Como, depois daquela bola, tudo
voltaria a ser campeão no Corinthians. O time do povo que sofria sorria como
nunca em 22 anos. E o mais democrático dos paulistas naqueles anos de ferro e
chumbo da ditadura soltava o grito de punho erguido e cerrado.
Festa coletiva que nunca mais se viu. Mas
que se vê, na foto, como ela também foi: a alegria de cada um. Como o Basílio
do instante eterno. Como o Corinthians que não tem foto para registrar o que
foi aquilo. A vitória dele era a de todos.
A vitória de todos era a dele. Isso
não é só Corinthians. É futebol. Mas poucas coisas são mais futebol que o
Corinthians. Pelas tristezas e sofrimentos de 22 anos sem nada. Ou melhor: com
tudo que de fato interessa ao corintiano: o próprio Corinthians.
Se a bola de Basílio não entra, outra
hora seria gol. Até se não entrasse naquela noite de quinta-feira (um dia
depois de o presidente-general da ditadura militar ter afastado um ministro
ainda mais ligado à turma que prendia e arrebentava…), bastaria o empate até o
final dos 90 minutos, e mais outro empate em meia hora de prorrogação, para o
jejum minguar.
Pelo maior número de vitórias no
SP-77, o Corinthians tinha a vantagem do empate contra a Ponte. Mas não era
para ser pelo regulamento. Tinha de ser pelo Timão. E com um gol chorado e
sofrido como o Corinthians. Vaguinho – trave! Wladimir – zaga! Basílio – rede! 1
a 0.
Não precisa de data, ano, local,
razão. Apenas a emoção de Basílio. Não era craque. Não era titular. Mas foi
ele. O predestinado. O corintiano. Basílio. O cara legal que mereceu ser o
ungido. O tocado. O libertador. O campeão. O corintiano. Basílio.
Como na foto, não precisa de legenda.
É lenda. Só não foi lenda que Brandão havia dito a ele que seria o autor do gol
da redenção. Espírita, Oswaldo passou essa informação ao 8. Era isso ou 800. Ou
menos que zero. Foi 1 a 0. Como na foto, Basílio é o Corinthians. Sozinho,
venceu um time melhor, e toda a torcida contrária de palmeirenses,
são-paulinos, santistas e de muita gente do Brasil.

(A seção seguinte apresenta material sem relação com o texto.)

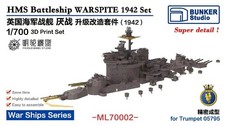 Bunker Studio ML70002 1 700 WWII British Navy Battleship Warspite 1942 Upgrade S picture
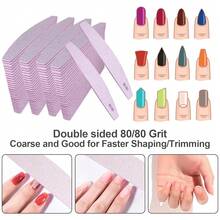 80/80 Grit Nail Files (10 Pack), Emery Boards For Acrylic Nails And Gel Nails, Coarse Nail File Double Sided 80 Grits Emory Professional Nail Filers Reusable Washable Manicure Curved Gray-76818 - 100片80/80粗砂弧形灰色 - 查看 4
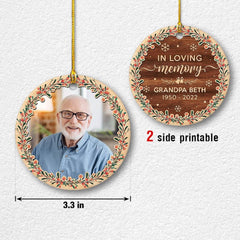 Personalized Grandpa Memorial Ornament Custom Photo
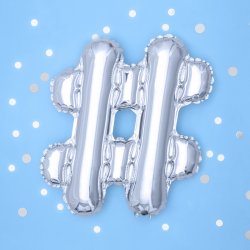 Folieballon - HASHTAG - Slv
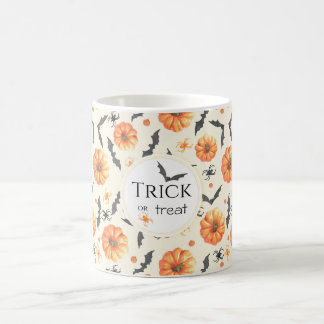 Trick or Treat Watercolor Halloween Pattern Coffee Mug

Mas será que ele realmente estava
“sozinho”? Quando se é Corinthians, dever dizer, a “solidão” é ficção. É como a
foto. Um cara que joga por todos x todos. A maior torcida do Brasil era contra
o Corinthians.
Mas não houve maior grito de gol em
todas as torcidas do Brasil que aquele que ainda hoje ouvimos do Morumbi. Faz
39 anos. Eram 22 anos. Será eterno. É Corinthians.